§ Task
What follows is data; output all of it exactly as given.

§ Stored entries
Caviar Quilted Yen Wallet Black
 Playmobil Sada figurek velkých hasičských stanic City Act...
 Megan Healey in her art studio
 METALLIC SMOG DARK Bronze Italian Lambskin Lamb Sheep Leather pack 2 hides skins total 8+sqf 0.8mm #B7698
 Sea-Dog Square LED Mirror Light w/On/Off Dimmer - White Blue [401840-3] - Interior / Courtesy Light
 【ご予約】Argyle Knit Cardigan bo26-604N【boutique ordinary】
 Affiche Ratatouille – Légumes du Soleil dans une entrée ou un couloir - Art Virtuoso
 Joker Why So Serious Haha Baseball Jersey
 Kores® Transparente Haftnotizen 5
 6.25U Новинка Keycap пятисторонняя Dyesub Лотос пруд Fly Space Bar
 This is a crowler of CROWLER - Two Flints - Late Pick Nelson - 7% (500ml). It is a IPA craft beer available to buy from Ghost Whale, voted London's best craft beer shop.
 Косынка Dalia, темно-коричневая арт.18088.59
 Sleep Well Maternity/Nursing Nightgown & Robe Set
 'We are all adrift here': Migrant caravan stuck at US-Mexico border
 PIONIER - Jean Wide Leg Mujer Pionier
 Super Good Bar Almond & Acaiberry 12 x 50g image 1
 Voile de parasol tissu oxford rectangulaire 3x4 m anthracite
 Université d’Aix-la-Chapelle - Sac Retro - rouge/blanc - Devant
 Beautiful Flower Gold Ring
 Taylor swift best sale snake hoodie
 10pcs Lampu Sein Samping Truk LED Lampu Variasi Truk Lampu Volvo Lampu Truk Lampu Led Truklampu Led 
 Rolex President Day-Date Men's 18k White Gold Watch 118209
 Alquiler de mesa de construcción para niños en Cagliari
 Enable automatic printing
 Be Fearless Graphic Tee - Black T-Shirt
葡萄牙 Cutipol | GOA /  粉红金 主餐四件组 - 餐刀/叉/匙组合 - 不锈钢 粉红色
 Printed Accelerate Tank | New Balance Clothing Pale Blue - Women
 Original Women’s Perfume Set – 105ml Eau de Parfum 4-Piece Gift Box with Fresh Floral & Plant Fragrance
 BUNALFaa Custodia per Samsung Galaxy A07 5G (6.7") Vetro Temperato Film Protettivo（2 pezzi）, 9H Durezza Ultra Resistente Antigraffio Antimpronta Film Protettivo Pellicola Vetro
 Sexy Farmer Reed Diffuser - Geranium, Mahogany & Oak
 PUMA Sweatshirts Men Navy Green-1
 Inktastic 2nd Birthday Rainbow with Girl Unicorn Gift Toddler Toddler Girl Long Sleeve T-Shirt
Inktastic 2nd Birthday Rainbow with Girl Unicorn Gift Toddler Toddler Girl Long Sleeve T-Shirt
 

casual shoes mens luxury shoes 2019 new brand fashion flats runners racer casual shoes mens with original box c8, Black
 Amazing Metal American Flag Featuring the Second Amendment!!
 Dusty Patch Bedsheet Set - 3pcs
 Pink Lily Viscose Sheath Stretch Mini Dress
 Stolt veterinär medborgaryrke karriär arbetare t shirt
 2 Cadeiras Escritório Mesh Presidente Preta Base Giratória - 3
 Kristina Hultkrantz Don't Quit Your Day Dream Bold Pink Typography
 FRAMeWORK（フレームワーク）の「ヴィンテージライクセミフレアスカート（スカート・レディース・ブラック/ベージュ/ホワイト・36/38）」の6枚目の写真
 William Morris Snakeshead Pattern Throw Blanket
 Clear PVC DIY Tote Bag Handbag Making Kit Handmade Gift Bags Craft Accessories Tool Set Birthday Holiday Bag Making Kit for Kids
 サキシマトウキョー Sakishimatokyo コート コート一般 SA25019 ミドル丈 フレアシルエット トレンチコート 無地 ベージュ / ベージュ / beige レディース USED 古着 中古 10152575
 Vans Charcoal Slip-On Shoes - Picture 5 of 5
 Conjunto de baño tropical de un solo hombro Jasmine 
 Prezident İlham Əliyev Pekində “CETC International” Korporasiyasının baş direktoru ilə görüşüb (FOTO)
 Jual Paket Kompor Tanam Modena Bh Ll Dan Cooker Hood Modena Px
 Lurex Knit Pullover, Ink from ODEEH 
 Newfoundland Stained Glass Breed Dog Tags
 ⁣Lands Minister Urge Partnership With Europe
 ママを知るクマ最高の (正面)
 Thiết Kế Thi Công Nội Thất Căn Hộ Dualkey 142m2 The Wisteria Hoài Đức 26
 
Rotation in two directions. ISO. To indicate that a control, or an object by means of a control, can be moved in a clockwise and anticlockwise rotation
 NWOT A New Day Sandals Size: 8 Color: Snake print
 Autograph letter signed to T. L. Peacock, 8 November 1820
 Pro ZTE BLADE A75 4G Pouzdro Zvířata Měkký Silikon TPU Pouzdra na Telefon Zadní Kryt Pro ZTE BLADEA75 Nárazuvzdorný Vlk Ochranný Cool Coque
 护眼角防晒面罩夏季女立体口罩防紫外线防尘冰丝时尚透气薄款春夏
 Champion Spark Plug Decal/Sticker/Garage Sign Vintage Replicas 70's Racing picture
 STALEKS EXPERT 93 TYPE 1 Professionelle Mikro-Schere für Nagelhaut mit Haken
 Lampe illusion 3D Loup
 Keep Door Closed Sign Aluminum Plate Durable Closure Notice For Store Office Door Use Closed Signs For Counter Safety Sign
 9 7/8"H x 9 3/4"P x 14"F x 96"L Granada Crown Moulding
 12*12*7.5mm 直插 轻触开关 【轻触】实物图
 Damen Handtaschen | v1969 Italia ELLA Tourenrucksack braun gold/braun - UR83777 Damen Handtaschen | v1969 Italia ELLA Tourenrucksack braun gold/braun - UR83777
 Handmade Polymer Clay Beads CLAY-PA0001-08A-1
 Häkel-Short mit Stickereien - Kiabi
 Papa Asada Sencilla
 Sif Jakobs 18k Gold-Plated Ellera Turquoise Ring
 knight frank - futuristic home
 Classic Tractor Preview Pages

§ Response area
Caviar Quilted Yen Wallet Black
 Playmobil Sada figurek velkých hasičských stanic City Act...
 Megan Healey in her art studio
 METALLIC SMOG DARK Bronze Italian Lambskin Lamb Sheep Leather pack 2 hides skins total 8+sqf 0.8mm #B7698
 Sea-Dog Square LED Mirror Light w/On/Off Dimmer - White Blue [401840-3] - Interior / Courtesy Light
 【ご予約】Argyle Knit Cardigan bo26-604N【boutique ordinary】
 Affiche Ratatouille – Légumes du Soleil dans une entrée ou un couloir - Art Virtuoso
 Joker Why So Serious Haha Baseball Jersey
 Kores® Transparente Haftnotizen 5
 6.25U Новинка Keycap пятисторонняя Dyesub Лотос пруд Fly Space Bar
 This is a crowler of CROWLER - Two Flints - Late Pick Nelson - 7% (500ml). It is a IPA craft beer available to buy from Ghost Whale, voted London's best craft beer shop.
 Косынка Dalia, темно-коричневая арт.18088.59
 Sleep Well Maternity/Nursing Nightgown & Robe Set
 'We are all adrift here': Migrant caravan stuck at US-Mexico border
 PIONIER - Jean Wide Leg Mujer Pionier
 Super Good Bar Almond & Acaiberry 12 x 50g image 1
 Voile de parasol tissu oxford rectangulaire 3x4 m anthracite
 Université d’Aix-la-Chapelle - Sac Retro - rouge/blanc - Devant
 Beautiful Flower Gold Ring
 Taylor swift best sale snake hoodie
 10pcs Lampu Sein Samping Truk LED Lampu Variasi Truk Lampu Volvo Lampu Truk Lampu Led Truklampu Led 
 Rolex President Day-Date Men's 18k White Gold Watch 118209
 Alquiler de mesa de construcción para niños en Cagliari
 Enable automatic printing
 Be Fearless Graphic Tee - Black T-Shirt
葡萄牙 Cutipol | GOA /  粉红金 主餐四件组 - 餐刀/叉/匙组合 - 不锈钢 粉红色
 Printed Accelerate Tank | New Balance Clothing Pale Blue - Women
 Original Women’s Perfume Set – 105ml Eau de Parfum 4-Piece Gift Box with Fresh Floral & Plant Fragrance
 BUNALFaa Custodia per Samsung Galaxy A07 5G (6.7") Vetro Temperato Film Protettivo（2 pezzi）, 9H Durezza Ultra Resistente Antigraffio Antimpronta Film Protettivo Pellicola Vetro
 Sexy Farmer Reed Diffuser - Geranium, Mahogany & Oak
 PUMA Sweatshirts Men Navy Green-1
 Inktastic 2nd Birthday Rainbow with Girl Unicorn Gift Toddler Toddler Girl Long Sleeve T-Shirt
Inktastic 2nd Birthday Rainbow with Girl Unicorn Gift Toddler Toddler Girl Long Sleeve T-Shirt
 

casual shoes mens luxury shoes 2019 new brand fashion flats runners racer casual shoes mens with original box c8, Black
 Amazing Metal American Flag Featuring the Second Amendment!!
 Dusty Patch Bedsheet Set - 3pcs
 Pink Lily Viscose Sheath Stretch Mini Dress
 Stolt veterinär medborgaryrke karriär arbetare t shirt
 2 Cadeiras Escritório Mesh Presidente Preta Base Giratória - 3
 Kristina Hultkrantz Don't Quit Your Day Dream Bold Pink Typography
 FRAMeWORK（フレームワーク）の「ヴィンテージライクセミフレアスカート（スカート・レディース・ブラック/ベージュ/ホワイト・36/38）」の6枚目の写真
 William Morris Snakeshead Pattern Throw Blanket
 Clear PVC DIY Tote Bag Handbag Making Kit Handmade Gift Bags Craft Accessories Tool Set Birthday Holiday Bag Making Kit for Kids
 サキシマトウキョー Sakishimatokyo コート コート一般 SA25019 ミドル丈 フレアシルエット トレンチコート 無地 ベージュ / ベージュ / beige レディース USED 古着 中古 10152575
 Vans Charcoal Slip-On Shoes - Picture 5 of 5
 Conjunto de baño tropical de un solo hombro Jasmine 
 Prezident İlham Əliyev Pekində “CETC International” Korporasiyasının baş direktoru ilə görüşüb (FOTO)
 Jual Paket Kompor Tanam Modena Bh Ll Dan Cooker Hood Modena Px
 Lurex Knit Pullover, Ink from ODEEH 
 Newfoundland Stained Glass Breed Dog Tags
 ⁣Lands Minister Urge Partnership With Europe
 ママを知るクマ最高の (正面)
 Thiết Kế Thi Công Nội Thất Căn Hộ Dualkey 142m2 The Wisteria Hoài Đức 26
 
Rotation in two directions. ISO. To indicate that a control, or an object by means of a control, can be moved in a clockwise and anticlockwise rotation
 NWOT A New Day Sandals Size: 8 Color: Snake print
 Autograph letter signed to T. L. Peacock, 8 November 1820
 Pro ZTE BLADE A75 4G Pouzdro Zvířata Měkký Silikon TPU Pouzdra na Telefon Zadní Kryt Pro ZTE BLADEA75 Nárazuvzdorný Vlk Ochranný Cool Coque
 护眼角防晒面罩夏季女立体口罩防紫外线防尘冰丝时尚透气薄款春夏
 Champion Spark Plug Decal/Sticker/Garage Sign Vintage Replicas 70's Racing picture
 STALEKS EXPERT 93 TYPE 1 Professionelle Mikro-Schere für Nagelhaut mit Haken
 Lampe illusion 3D Loup
 Keep Door Closed Sign Aluminum Plate Durable Closure Notice For Store Office Door Use Closed Signs For Counter Safety Sign
 9 7/8"H x 9 3/4"P x 14"F x 96"L Granada Crown Moulding
 12*12*7.5mm 直插 轻触开关 【轻触】实物图
 Damen Handtaschen | v1969 Italia ELLA Tourenrucksack braun gold/braun - UR83777 Damen Handtaschen | v1969 Italia ELLA Tourenrucksack braun gold/braun - UR83777
 Handmade Polymer Clay Beads CLAY-PA0001-08A-1
 Häkel-Short mit Stickereien - Kiabi
 Papa Asada Sencilla
 Sif Jakobs 18k Gold-Plated Ellera Turquoise Ring
 knight frank - futuristic home
 Classic Tractor Preview Pages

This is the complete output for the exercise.